Wie auch andere Handwerksbetriebe – Schuhmacher, Dachdecker oder Tischler – schlossen sich Anfang des Jahrhunderts auch die Glasermeister zu zahlreichen Einkaufsgenossenschaften in ganz Deutschland zusammen, um günstiger einkaufen zu können. Nun sollte in Berlin eine Zentrale der Glasermeistergenossenschaft gegründet werden. Dazu kauften die Genossen ein großes Grundstück, das von der Blücherstraße bis zur Fürbringer Straße reichte und in dem gleich fünf Gewerbehöfe mit einer Laufkatze und einem Kran zum Verladen der Glasscheiben entstanden. Das Anwesen der Glasermeister war groß genug, damit schon 1910, am Tag der feierlichen Einweihung, eine Etage der verklinkerten Hinterhofgebäude an die Druckerei Javitz verpachtet werden konnte. Exakt 100 Jahre lang blieben die Drucker in der Blücherstraße. Dann wurde das Gebäude an eine ausländische Firma verkauft. Drei Jahre später zogen die Drucker an den Stadtrand.

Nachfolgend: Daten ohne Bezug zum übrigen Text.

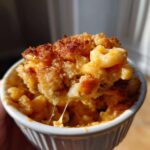 A spoonful of Ultra Creamy Baked Mac & Cheese with 3 Cheeses showing a cheese pull and crispy breadcrumb topping.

»Hier waren viele Drucker, lauter nette Leute. Man kannte sich, plauderte miteinander. Und als Brandt – der alte Hausmeister mit dem Stumpen im Mundwinkel – irgendwann nicht mehr konnte, da kümmerte sich die Chefin von der Druckerei gegenüber und brachte ihm zu Essen in die Wohnung und so. Heute ist das anders. Heute kennt man sich nicht mehr. Ist ja auch klar: Damals arbeiteten auf 300 Quadratmetern fünf Leute, heute sitzen auf der gleichen Fläche 100 vor den Computern.« Detlef Baltrock, Absolvent der UDK und kein unbekannter Künstler, zog 1979 in eine der vier kleinen Bediensteten-Wohnungen im 5. Hinterhof und kann sich noch gut an die alten Mieter auf dem Gewerbehof erinnern.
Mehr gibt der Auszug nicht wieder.